Samuel Samuel - 3 months ago 6
Scala Question

Scala - Batched Stream from Futures

I have instances of a case class

Thing
, and I have a bunch of queries to run that return a collection of
Thing
s like so:

def queries: Seq[Future[Seq[Thing]]]


I need to collect all
Thing
s from all futures (like above) and group them into equally sized collections of 10,000 so they can be serialized to files of 10,000
Thing
s.

def serializeThings(Seq[Thing]): Future[Unit]


I want it to be implemented in such a way that I don't wait for all queries to run before serializing. As soon as there are 10,000
Thing
s returned after the futures of the first queries complete, I want to start serializing.

If I do something like:

Future.sequence(queries)


It will collect the results of all the queries, but my understanding is that operations like
map
won't be invoked until all queries complete and all the
Thing
s must fit into memory at once.

What's the best way to implement a batched stream pipeline using Scala collections and concurrent libraries?

Answer

I think that I managed to make something. The solution is based on my previous answer. It collects results from Future[List[Thing]] results until it reaches a treshold of BatchSize. Then it calls serializeThings future, when it finishes, the loop continues with the rest.

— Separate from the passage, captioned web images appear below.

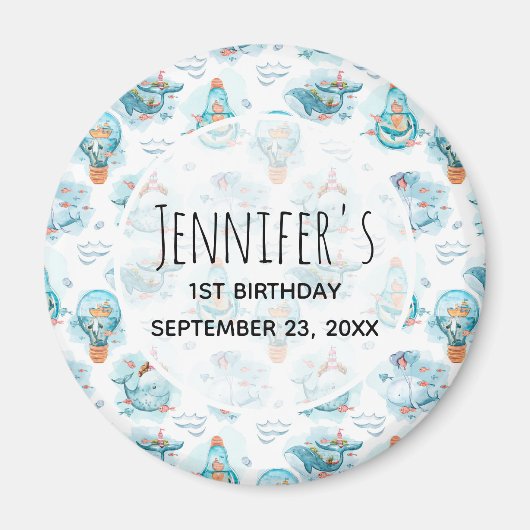 Kute Nautical Whales Waterverf Pattern Birthday Magneet (Voorkant)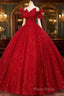 Gorgeous Red Tulle Ball Gown Off Shoulder Sweet 16 Dresses, Red Long Formal Dresses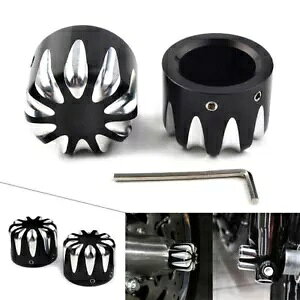 n[[ GNgOCh X|[cX^[p ubN CNC tg ANX Lbv ibg Jo[ Black CNC Front Axle Cap Nut Cover for Harley Electra Glide Sportster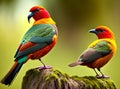 Multi-colored Tanagers Original AI Artwork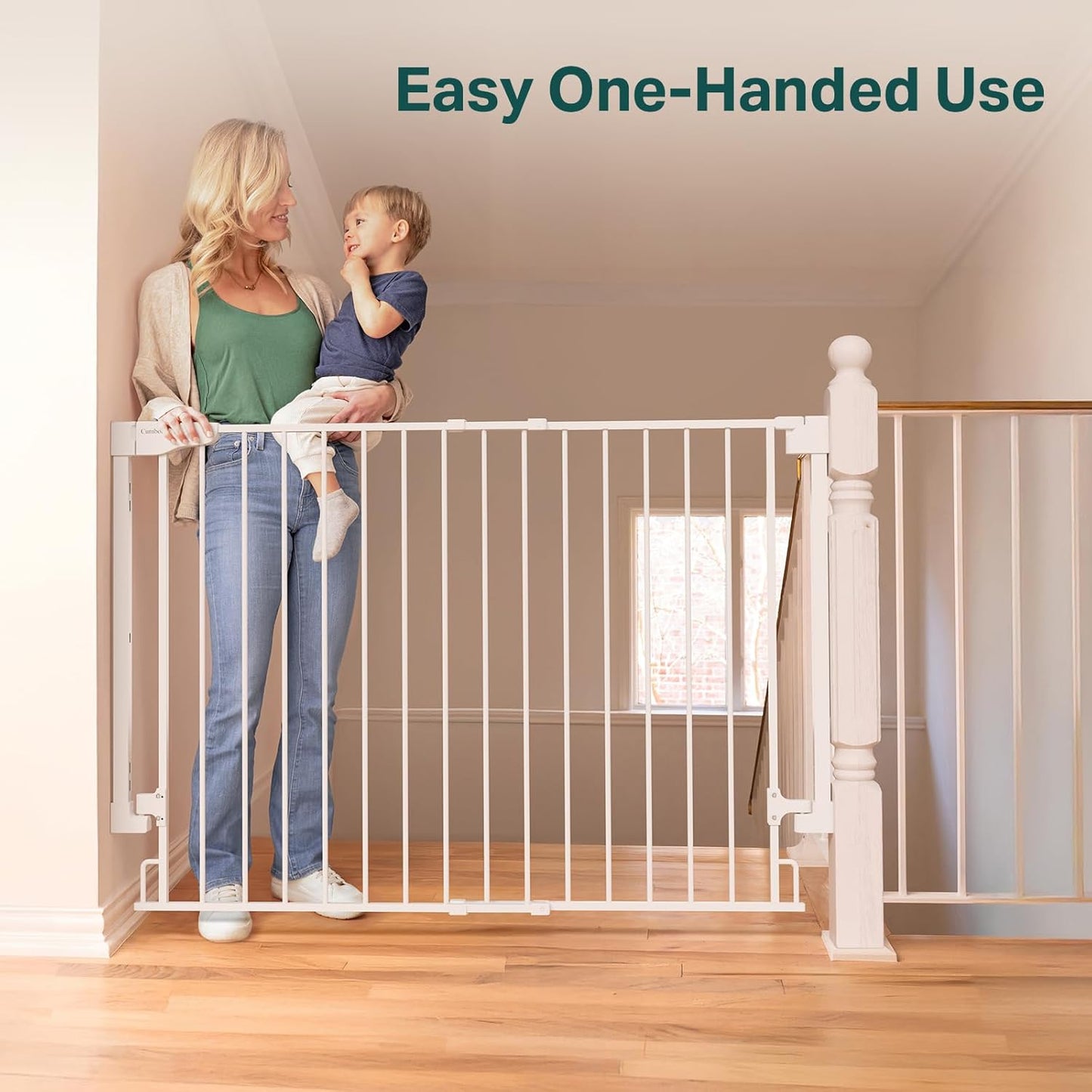 Cumbor 29.2–43" Baby Gate for Stairs, Hardware Mounted (Drill Required), Expandable No Bottom Bar Dog Gate, Auto Close Extra Wide Walk Thru, Pet & Toddler Proof Gate, Top & Bottom of Stairways(Black)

object BatchFutures extends App {

  case class Thing(id: Int)

  def getFuture(id: Int): Future[List[Thing]] = {
    Future.successful {
      List.fill(3)(Thing(id))
    }
  }

  def serializeThings(things: Seq[Thing]): Future[Unit] = Future.successful {
    //Thread.sleep(2000)
    println("processing: " + things)
  }

  val ids = (1 to 4).toList
  val BatchSize = 5

  val future = ids.foldLeft(Future.successful[List[Thing]](Nil)) {
    case (acc, id) =>
      acc flatMap { processed =>
        getFuture(id) flatMap { res =>
          val all = processed ++ res
          val (batch, rest) = all.splitAt(5)

          if (batch.length == BatchSize) { // if futures filled the batch with needed amount
            serializeThings(batch) map { _ =>
              rest // process the rest
            }
          } else {
            Future.successful(all) //if we need more Things for a batch
          }
        }
      }
  }.flatMap { rest =>
    serializeThings(rest)
  }

  Await.result(future, Duration.Inf)

}

The result prints:

processing: List(Thing(1), Thing(1), Thing(1), Thing(2), Thing(2))
processing: List(Thing(2), Thing(3), Thing(3), Thing(3), Thing(4))
processing: List(Thing(4), Thing(4))

When the number of Things isn't divisible by BatchSize we have to call serializeThings once more(last flatMap). I hope it helps! :)